Task requirements → Below is a listing from which only part is wanted; return exactly the lines from the one with "Villa Rosa Veterinary Hospital Picture 6" up to and including the one with "Paws Up Pet Rescue Donation Drive Extended".

Recorded information →
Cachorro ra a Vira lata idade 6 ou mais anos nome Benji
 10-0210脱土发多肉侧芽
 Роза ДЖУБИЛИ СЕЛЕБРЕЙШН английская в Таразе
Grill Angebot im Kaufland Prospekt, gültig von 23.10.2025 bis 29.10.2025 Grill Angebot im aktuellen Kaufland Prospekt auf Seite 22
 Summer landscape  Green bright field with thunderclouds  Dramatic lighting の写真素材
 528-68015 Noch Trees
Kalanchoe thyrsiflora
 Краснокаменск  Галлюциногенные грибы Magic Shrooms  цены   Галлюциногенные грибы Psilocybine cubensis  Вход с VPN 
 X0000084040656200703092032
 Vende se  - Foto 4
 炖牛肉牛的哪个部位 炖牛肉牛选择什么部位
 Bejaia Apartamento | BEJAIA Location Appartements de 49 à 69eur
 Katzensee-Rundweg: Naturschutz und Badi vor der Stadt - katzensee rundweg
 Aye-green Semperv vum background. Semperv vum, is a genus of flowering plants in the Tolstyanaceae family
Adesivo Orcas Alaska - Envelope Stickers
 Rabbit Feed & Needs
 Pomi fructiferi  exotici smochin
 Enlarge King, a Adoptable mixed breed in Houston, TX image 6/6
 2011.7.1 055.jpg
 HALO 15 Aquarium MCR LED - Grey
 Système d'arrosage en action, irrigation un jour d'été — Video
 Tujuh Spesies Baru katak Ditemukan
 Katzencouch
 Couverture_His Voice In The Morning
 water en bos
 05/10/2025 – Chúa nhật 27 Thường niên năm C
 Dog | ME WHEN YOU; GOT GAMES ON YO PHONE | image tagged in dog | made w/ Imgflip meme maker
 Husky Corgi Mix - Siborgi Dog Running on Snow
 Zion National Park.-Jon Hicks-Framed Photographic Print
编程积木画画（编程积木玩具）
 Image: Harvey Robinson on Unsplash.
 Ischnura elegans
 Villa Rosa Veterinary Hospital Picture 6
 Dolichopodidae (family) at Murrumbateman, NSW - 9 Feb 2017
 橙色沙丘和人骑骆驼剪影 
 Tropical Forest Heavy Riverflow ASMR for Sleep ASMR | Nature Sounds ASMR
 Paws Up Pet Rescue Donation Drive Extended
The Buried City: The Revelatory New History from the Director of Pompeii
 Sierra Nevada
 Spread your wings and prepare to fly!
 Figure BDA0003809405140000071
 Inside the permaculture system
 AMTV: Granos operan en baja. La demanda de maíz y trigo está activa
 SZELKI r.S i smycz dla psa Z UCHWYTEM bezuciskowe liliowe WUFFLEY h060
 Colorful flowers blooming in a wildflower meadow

Task result →
 Villa Rosa Veterinary Hospital Picture 6
 Dolichopodidae (family) at Murrumbateman, NSW - 9 Feb 2017
 橙色沙丘和人骑骆驼剪影 
 Tropical Forest Heavy Riverflow ASMR for Sleep ASMR | Nature Sounds ASMR
 Paws Up Pet Rescue Donation Drive Extended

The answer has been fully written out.